Enquanto os serviços de locação aumentaram 16,7%, para R$ 796,2 milhões, as vendas de ativos subiram 31,5%, a R$ 185,7 milhões. “Os juros para veículos e principalmente bens de capital novos aumentaram muito em 2015”, disse o presidente da Ouro Verde, Karlis Kruklis, apontando um fator que levou à maior demanda por usados no país.
Os juros elevados afetaram em 2015 o resultado líquido da Ouro Verde, que teve queda de 50,3% no lucro líquido, a R$ 8,9 milhões. “A queda do lucro foi basicamente despesa financeira, com a alta da Selic, que agora tende a se estabilizar ou subir marginalmente”, disse Kruklis.
Segundo o presidente da Ouro Verde, em 2016 vai crescer o número de empresas que optam por trocar veículos próprios por contratos de locação. “É uma forma de gerar caixa e liberar balanço para crédito, por exemplo. Nesse sentido, a crise é positiva para nós”.

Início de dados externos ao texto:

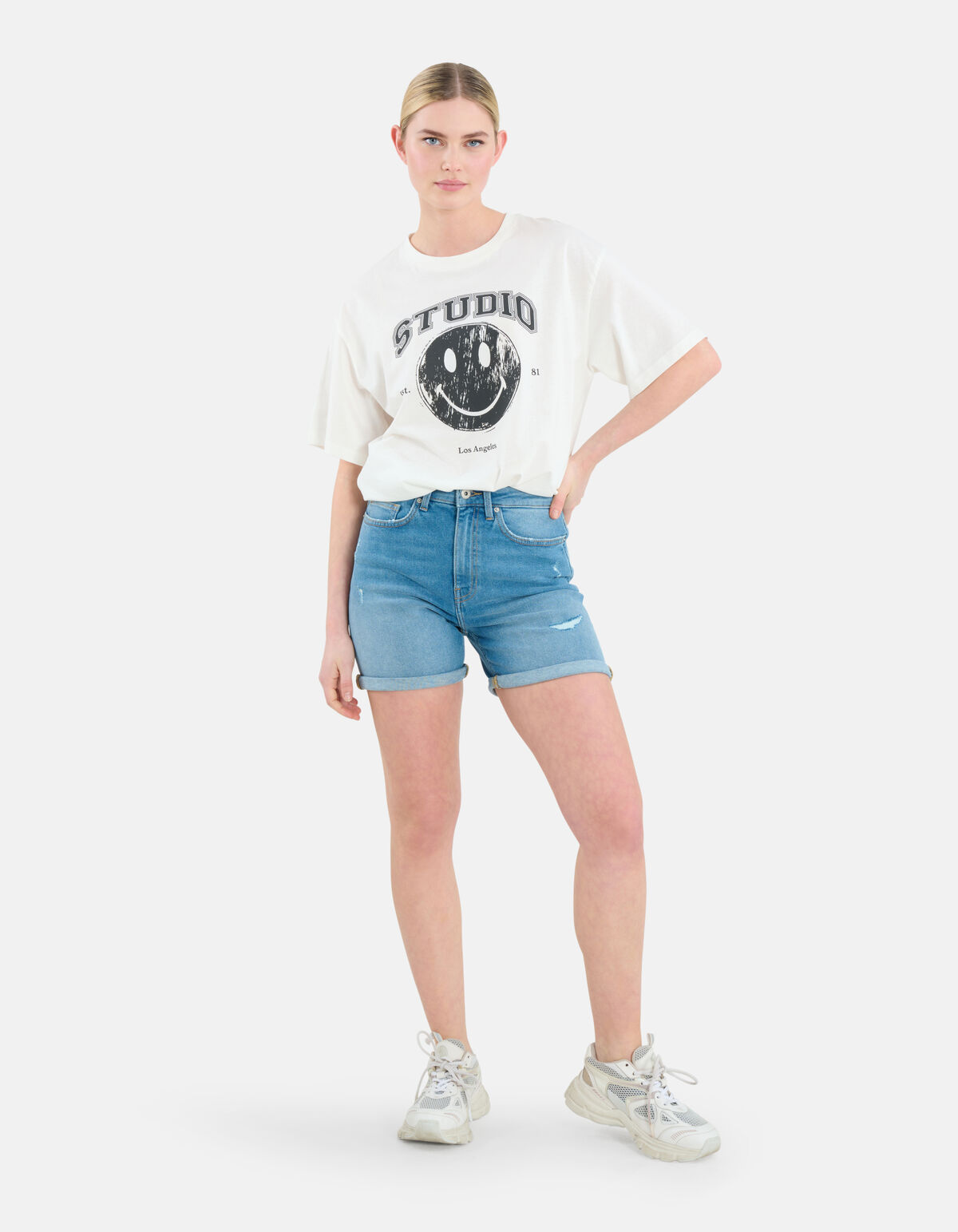 Tapered Denim Short Mediumstone SHOEBY WOMEN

A Locamerica, quarta maior do setor, conseguiu ampliar a receita em 2015, mas reportou retração de lucro por causa do aumento das despesas financeiras, da maior depreciação dos veículos e de provisão para devedores duvidosos. A empresa teve receita líquida de R$ 708,2 milhões, 12,6% mais que 2014, mas o lucro de R$ 18,6 milhões foi 25,1% menor que o do ano anterior.
Em 2016, a prioridade é diminuir a relação entre dívida líquida e lucro antes de juros, impostos, depreciação e amortização (Ebitda) ante o crescimento de participação de mercado. A meta da empresa é diminuir a alavancagem, que encerrou em 2,85 vezes em 2015, para uma relação na casa de 2,5 vezes, disse o diretor financeiro e de relações com investidores, Carlos Wollenweber.